## Problem description
An identical copy of all records below is to be written out.

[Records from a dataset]
◆ ◆ ◆ ◆ ◆
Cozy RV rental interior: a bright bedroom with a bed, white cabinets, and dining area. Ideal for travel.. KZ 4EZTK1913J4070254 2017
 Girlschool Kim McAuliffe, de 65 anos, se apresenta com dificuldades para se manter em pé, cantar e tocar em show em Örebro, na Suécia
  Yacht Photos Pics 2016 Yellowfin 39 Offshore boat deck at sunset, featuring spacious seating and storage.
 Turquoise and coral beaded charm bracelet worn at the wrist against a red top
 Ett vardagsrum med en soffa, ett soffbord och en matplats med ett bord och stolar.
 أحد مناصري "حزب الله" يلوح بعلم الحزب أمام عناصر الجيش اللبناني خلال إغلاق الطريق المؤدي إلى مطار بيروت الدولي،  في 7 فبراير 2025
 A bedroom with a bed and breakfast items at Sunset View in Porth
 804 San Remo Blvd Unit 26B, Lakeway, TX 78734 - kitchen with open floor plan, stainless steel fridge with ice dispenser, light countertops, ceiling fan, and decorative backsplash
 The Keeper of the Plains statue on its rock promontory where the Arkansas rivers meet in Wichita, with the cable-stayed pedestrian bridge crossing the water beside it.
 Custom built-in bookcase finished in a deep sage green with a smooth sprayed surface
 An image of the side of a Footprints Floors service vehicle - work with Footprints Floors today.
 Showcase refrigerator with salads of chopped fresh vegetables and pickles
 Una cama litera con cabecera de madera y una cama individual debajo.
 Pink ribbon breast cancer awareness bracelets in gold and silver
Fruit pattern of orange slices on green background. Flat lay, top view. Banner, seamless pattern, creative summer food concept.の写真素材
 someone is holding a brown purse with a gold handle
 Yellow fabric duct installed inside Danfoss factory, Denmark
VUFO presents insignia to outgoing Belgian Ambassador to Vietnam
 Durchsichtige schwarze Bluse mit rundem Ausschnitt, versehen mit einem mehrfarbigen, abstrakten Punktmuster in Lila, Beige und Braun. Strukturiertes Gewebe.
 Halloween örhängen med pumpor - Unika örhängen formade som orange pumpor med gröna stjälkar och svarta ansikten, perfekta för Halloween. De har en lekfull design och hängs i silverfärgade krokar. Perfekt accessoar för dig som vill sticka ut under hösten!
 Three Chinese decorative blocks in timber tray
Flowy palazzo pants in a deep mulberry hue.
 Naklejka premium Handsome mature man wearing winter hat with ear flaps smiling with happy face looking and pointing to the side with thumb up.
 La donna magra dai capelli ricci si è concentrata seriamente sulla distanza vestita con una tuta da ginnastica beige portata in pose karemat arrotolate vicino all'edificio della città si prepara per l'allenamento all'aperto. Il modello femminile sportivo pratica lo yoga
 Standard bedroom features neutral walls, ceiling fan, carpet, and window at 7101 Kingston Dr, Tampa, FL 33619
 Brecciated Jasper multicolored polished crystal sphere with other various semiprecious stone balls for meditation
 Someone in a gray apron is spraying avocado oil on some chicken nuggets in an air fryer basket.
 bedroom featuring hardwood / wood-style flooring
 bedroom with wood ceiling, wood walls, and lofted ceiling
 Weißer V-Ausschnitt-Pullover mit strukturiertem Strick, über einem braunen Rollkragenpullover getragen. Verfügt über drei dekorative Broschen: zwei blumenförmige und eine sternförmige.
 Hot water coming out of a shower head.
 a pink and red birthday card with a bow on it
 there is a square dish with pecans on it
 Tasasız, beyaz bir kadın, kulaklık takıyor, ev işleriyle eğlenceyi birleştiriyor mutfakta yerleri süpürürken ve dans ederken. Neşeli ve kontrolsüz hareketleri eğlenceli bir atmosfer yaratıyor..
◆ ◆ ◆ ◆ ◆
## Solution to the problem
Cozy RV rental interior: a bright bedroom with a bed, white cabinets, and dining area. Ideal for travel.. KZ 4EZTK1913J4070254 2017
 Girlschool Kim McAuliffe, de 65 anos, se apresenta com dificuldades para se manter em pé, cantar e tocar em show em Örebro, na Suécia
  Yacht Photos Pics 2016 Yellowfin 39 Offshore boat deck at sunset, featuring spacious seating and storage.
 Turquoise and coral beaded charm bracelet worn at the wrist against a red top
 Ett vardagsrum med en soffa, ett soffbord och en matplats med ett bord och stolar.
 أحد مناصري "حزب الله" يلوح بعلم الحزب أمام عناصر الجيش اللبناني خلال إغلاق الطريق المؤدي إلى مطار بيروت الدولي،  في 7 فبراير 2025
 A bedroom with a bed and breakfast items at Sunset View in Porth
 804 San Remo Blvd Unit 26B, Lakeway, TX 78734 - kitchen with open floor plan, stainless steel fridge with ice dispenser, light countertops, ceiling fan, and decorative backsplash
 The Keeper of the Plains statue on its rock promontory where the Arkansas rivers meet in Wichita, with the cable-stayed pedestrian bridge crossing the water beside it.
 Custom built-in bookcase finished in a deep sage green with a smooth sprayed surface
 An image of the side of a Footprints Floors service vehicle - work with Footprints Floors today.
 Showcase refrigerator with salads of chopped fresh vegetables and pickles
 Una cama litera con cabecera de madera y una cama individual debajo.
 Pink ribbon breast cancer awareness bracelets in gold and silver
Fruit pattern of orange slices on green background. Flat lay, top view. Banner, seamless pattern, creative summer food concept.の写真素材
 someone is holding a brown purse with a gold handle
 Yellow fabric duct installed inside Danfoss factory, Denmark
VUFO presents insignia to outgoing Belgian Ambassador to Vietnam
 Durchsichtige schwarze Bluse mit rundem Ausschnitt, versehen mit einem mehrfarbigen, abstrakten Punktmuster in Lila, Beige und Braun. Strukturiertes Gewebe.
 Halloween örhängen med pumpor - Unika örhängen formade som orange pumpor med gröna stjälkar och svarta ansikten, perfekta för Halloween. De har en lekfull design och hängs i silverfärgade krokar. Perfekt accessoar för dig som vill sticka ut under hösten!
 Three Chinese decorative blocks in timber tray
Flowy palazzo pants in a deep mulberry hue.
 Naklejka premium Handsome mature man wearing winter hat with ear flaps smiling with happy face looking and pointing to the side with thumb up.
 La donna magra dai capelli ricci si è concentrata seriamente sulla distanza vestita con una tuta da ginnastica beige portata in pose karemat arrotolate vicino all'edificio della città si prepara per l'allenamento all'aperto. Il modello femminile sportivo pratica lo yoga
 Standard bedroom features neutral walls, ceiling fan, carpet, and window at 7101 Kingston Dr, Tampa, FL 33619
 Brecciated Jasper multicolored polished crystal sphere with other various semiprecious stone balls for meditation
 Someone in a gray apron is spraying avocado oil on some chicken nuggets in an air fryer basket.
 bedroom featuring hardwood / wood-style flooring
 bedroom with wood ceiling, wood walls, and lofted ceiling
 Weißer V-Ausschnitt-Pullover mit strukturiertem Strick, über einem braunen Rollkragenpullover getragen. Verfügt über drei dekorative Broschen: zwei blumenförmige und eine sternförmige.
 Hot water coming out of a shower head.
 a pink and red birthday card with a bow on it
 there is a square dish with pecans on it
 Tasasız, beyaz bir kadın, kulaklık takıyor, ev işleriyle eğlenceyi birleştiriyor mutfakta yerleri süpürürken ve dans ederken. Neşeli ve kontrolsüz hareketleri eğlenceli bir atmosfer yaratıyor..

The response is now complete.